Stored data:
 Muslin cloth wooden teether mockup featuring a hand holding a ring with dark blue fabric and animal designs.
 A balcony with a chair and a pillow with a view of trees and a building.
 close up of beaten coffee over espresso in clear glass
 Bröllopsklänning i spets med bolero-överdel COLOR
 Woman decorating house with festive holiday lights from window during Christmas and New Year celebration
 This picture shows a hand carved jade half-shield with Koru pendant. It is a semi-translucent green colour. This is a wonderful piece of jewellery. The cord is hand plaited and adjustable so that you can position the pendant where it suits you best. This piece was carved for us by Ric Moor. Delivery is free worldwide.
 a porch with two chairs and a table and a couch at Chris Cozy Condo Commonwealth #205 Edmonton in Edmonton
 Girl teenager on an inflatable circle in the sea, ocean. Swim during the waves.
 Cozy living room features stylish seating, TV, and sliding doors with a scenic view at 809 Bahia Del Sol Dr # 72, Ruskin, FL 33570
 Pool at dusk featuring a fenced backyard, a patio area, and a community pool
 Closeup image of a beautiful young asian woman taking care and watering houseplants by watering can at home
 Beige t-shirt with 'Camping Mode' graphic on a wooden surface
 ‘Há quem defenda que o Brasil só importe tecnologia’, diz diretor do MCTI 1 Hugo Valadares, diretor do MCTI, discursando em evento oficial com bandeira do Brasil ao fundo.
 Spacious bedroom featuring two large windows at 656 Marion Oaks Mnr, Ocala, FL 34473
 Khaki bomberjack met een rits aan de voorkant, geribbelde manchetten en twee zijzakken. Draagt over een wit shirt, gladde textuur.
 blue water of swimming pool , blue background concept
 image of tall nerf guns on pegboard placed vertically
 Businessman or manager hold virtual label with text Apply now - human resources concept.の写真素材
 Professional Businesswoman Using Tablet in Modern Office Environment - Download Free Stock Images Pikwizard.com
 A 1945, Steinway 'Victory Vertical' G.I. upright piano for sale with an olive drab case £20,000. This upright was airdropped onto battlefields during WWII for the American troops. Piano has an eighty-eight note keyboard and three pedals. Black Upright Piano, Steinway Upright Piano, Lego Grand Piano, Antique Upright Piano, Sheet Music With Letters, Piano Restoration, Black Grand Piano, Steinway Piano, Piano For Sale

Aim of the exercise: In the records above, find each line that holds the word "shirt"; copy all such lines.

Answer to this exercise:
 Beige t-shirt with 'Camping Mode' graphic on a wooden surface
 Khaki bomberjack met een rits aan de voorkant, geribbelde manchetten en twee zijzakken. Draagt over een wit shirt, gladde textuur.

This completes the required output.